Hi,Learning about the past has no value for those of us living in the present. Do you agree or disagree? Use specific reasons and examples to support your answer
Some people believe that when something occurs, it happened and we do not need to see these events to find any value from them. I, however, disagree with this type of thinking. I, personally, believe that the past is a sufficient light for future, because of, its opportunity of learning from famous people treatments and utilization of other men experiences.
The lives of famous people in the history of each nation are the appropriate examples of how we can be a successful person in our life. Besides, the behaviors of those, give this chance to us to find a not only brilliant but also adequate way to prosperity. For instance, all of us know the Tomas Edison, who was the inventor of electricity; we can study his personal characteristics to find that what the important parameters of his achievements were. In addition, sociologists affirm that the stories of famous human being are the best motivator of present people to work hard for finding their way.
Secondly, the application of other people experiences is such an effective way that we can learn many things from them. Use of other people experiments is one of the most important ways of learning of life's difficulties, when you do not need to do them personally. Therefore, you have this comfortable occasion to not repeat the same errors. For example, by seeing my father's life and finding his faults in his whole life, I never insist to walk in his way, while I know that this path will be a blind alley.
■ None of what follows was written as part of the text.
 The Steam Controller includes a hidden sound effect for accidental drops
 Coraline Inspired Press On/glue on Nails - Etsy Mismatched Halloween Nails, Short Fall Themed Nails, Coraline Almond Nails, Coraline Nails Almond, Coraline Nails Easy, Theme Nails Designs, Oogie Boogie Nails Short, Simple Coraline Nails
To conclusion, studying people and events of the past time is more useful to find the causes of failures and victories. We can learn many things from the life of famous people, so we can follow them to gain our dreams. Furthermore, the flaws of other people life show us the distinctive manner tending the wrong ways.P.S: I have a real trouble with time, do you have any idea to solve this problem? for example this essay took me 56 mins !!
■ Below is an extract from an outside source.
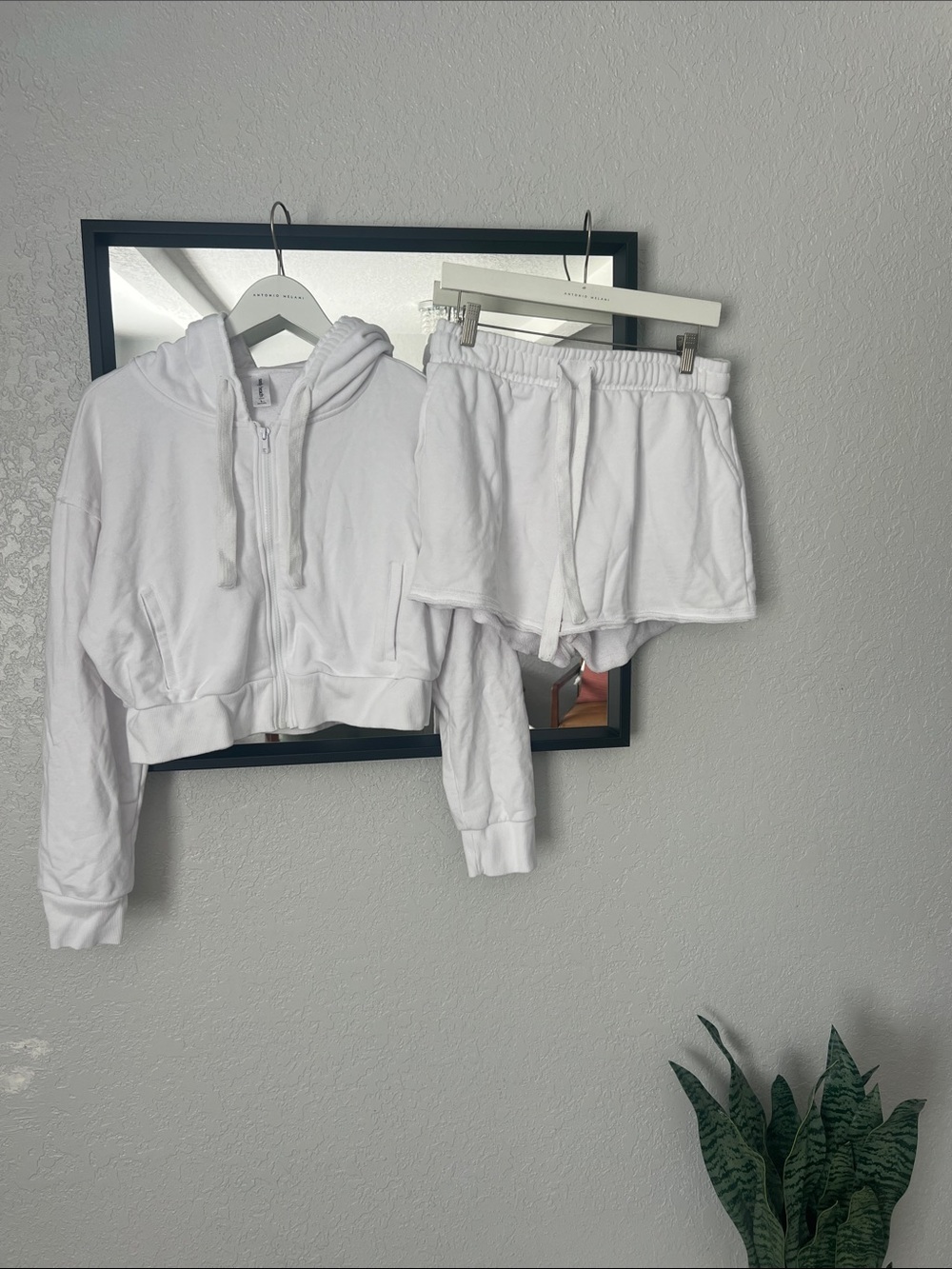 Women's White Lounge Set - Cozy Everyday Comfort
this reply regards to your request about time management (I should leave writing assessment for experts). It's because I had the same problem and have strive to find a new way. here what I've got :
you should put quota on what you want to do. In Toefl, we have only 30 minutes. A piece of good writing takes at least 40 minutes from a non-English speaker like us (without revising it). So working from scratch is the worst thing one can do. a good way is to dedicate 3 minutes to planning(what is your preference, what is your main points, and think of two details for each one), 20 to writing(including introduction, 2 or 3 main paragraphs and one conclusion, each is 6 minutes) and 7 to revision(Please note PS1).
Another job is to practice more and more. These practices may finally lead to a certain structure, which you can use in Toefl's writing in order to speed up your writing. I don't mean "memorizing" certain words or collocations (which leads to a worse score, according to what Toefl men say). I mean when you write at least 10 essays, then you know how to introduce your essay, how to present each idea into an independent but coherent paragraph, and how to conclude what you've said before and wrap it up.
finally, find your words. every person talks and writes in a unique way. It means that we have our own words when talking or writing. When writing, you may use the same exact way of talking in your native language and write its equivalent in your paper or screen. So, what happens? you stick on words. you waste a lot of your time CONVERTING the meaning from your mother-tongue to English. Instead of that, you should find your own words in English, and this doesn't happen unless you read and read and write and write.
Here was what I use when writing, and it answered to me.
PS1 : "How to prepare for the toefl essay"'s barrons book dedicates 5 minutes to planning, 20 minutes to writing and the rest to revision. However, believe me that this doesn't work(or at least doesn't work best). In my PRACTICES, I've found that 5 minutes is much more than needed, because when you begin writing, new ideas come to your mind, so this seems a little waste of time to put one sixth of your time in planning. Besides, experience shows that when you revise your essay, you see mistakes that make you laugh, because they are so stupid. So if you don't have enough time to correct them, you make your referee to laugh, and guess what happens to your score.
what I can suggest about the timings is...
1.Do practice with timer on. Say 20 mins for typing. Try to complete it in 2o min. This would provide you % mins for checking.
2. If you make spelling mistakes while typing than correct as soon as you finish your sentence. This would prevent your spelling correction time in the end,and you can utilise that time in other corrections.
3. Try to complete the proper format of your essay first so that later on you can include sentences or other correction in the last 5 mins. This would make your essay complete with the format, and you will not run out of time.
Because of the rain, I stayed home-- comma
I stayed home because of the rain -- no comma
Personally, I think---comma
I personally think ---no comma
Besides, the behaviors of those, give this chance to us to find a not only brilliant but also adequate way to prosperity. --i can't understand this sentence.
For instance, all of us know
the Tomas Edison
we can study his personal characteristics to find
that what the important parameters of his achievements were
to work hard
for findingto find their way
...difficulties, when you don't need them / ...difficulties when you don't need them
To conclusion / To conclude
Thanks for your pieces of advice about using the comma,
I think it is better to say:
Besides, the behaviors of those, give this chance to us to find a a brilliant and adequate way to prosperity. (instead of previous one)
"Besides, the behaviors of those, give this chance to us to find a not only brilliant but also adequate way to prosperity" I think something is wrong, but not quit sure.
Besides means in addition to. Perhaps, do you want to say In adition, instead?
Also, when you stayed "the behaviors of those", Does the word those refers to people?
what about this:
The lives of famous people in the history of each nation are the appropriate examples of how successful a person can be. In addition/Moreover, their behaviors encourage us to find and follow a path to prosperity.
Yes, maybe your sentence is better than mine
but i have a question about "those", in the exam it is better to use pronoun or the exact reference?
I do not think is wrong to use those if you have an antecedent. However, i thing is better tu use those followed by a noun.
Besides ,In addition , the behaviors of those people , [those refers to the adjetive] give this chance to us the chance to find a not only a brilliant, but also an adequate way to prosperity."
hitchhike, anyway, my suggestion is to ask somebody else. I am telling you what makes sense for me. Remember I am a english learner. Perhaps, a moderator could help us.
PS. I like the structure of your essays. Please, if you have a chance, take a look at my writing and give me your thougts. I am pretty sure you will have a good advice for me.